* **Given entries**:
-- Opening Marker --
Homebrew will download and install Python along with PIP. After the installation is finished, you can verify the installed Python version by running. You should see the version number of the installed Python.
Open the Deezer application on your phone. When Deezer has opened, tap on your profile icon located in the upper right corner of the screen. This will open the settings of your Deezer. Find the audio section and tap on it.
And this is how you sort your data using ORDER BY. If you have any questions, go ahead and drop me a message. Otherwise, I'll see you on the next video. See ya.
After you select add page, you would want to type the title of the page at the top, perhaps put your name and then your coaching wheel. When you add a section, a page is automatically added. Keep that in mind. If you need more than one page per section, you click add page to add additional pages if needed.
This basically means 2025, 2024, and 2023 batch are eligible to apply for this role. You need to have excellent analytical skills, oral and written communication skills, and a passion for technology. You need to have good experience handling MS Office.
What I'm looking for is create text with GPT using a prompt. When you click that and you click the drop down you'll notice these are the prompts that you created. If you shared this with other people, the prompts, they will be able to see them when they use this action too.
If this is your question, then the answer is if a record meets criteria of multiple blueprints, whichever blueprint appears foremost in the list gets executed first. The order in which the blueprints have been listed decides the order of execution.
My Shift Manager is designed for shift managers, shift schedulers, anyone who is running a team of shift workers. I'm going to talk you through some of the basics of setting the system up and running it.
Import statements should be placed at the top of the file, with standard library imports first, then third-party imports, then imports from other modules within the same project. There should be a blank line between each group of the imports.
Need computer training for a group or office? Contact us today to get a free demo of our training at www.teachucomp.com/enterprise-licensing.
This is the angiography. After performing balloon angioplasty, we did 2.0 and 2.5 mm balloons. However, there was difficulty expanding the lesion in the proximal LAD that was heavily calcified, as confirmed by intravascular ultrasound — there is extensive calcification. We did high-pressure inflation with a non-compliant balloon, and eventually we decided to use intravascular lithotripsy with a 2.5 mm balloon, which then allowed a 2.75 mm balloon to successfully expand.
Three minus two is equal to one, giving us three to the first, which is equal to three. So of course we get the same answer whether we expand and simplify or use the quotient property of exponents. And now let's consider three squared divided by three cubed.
-- Closing Marker --
* **Your task**: Please copy each line of the records above in which the word "with" can be found.

* **Expected answer**:
Homebrew will download and install Python along with PIP. After the installation is finished, you can verify the installed Python version by running. You should see the version number of the installed Python.
What I'm looking for is create text with GPT using a prompt. When you click that and you click the drop down you'll notice these are the prompts that you created. If you shared this with other people, the prompts, they will be able to see them when they use this action too.
Import statements should be placed at the top of the file, with standard library imports first, then third-party imports, then imports from other modules within the same project. There should be a blank line between each group of the imports.
This is the angiography. After performing balloon angioplasty, we did 2.0 and 2.5 mm balloons. However, there was difficulty expanding the lesion in the proximal LAD that was heavily calcified, as confirmed by intravascular ultrasound — there is extensive calcification. We did high-pressure inflation with a non-compliant balloon, and eventually we decided to use intravascular lithotripsy with a 2.5 mm balloon, which then allowed a 2.75 mm balloon to successfully expand.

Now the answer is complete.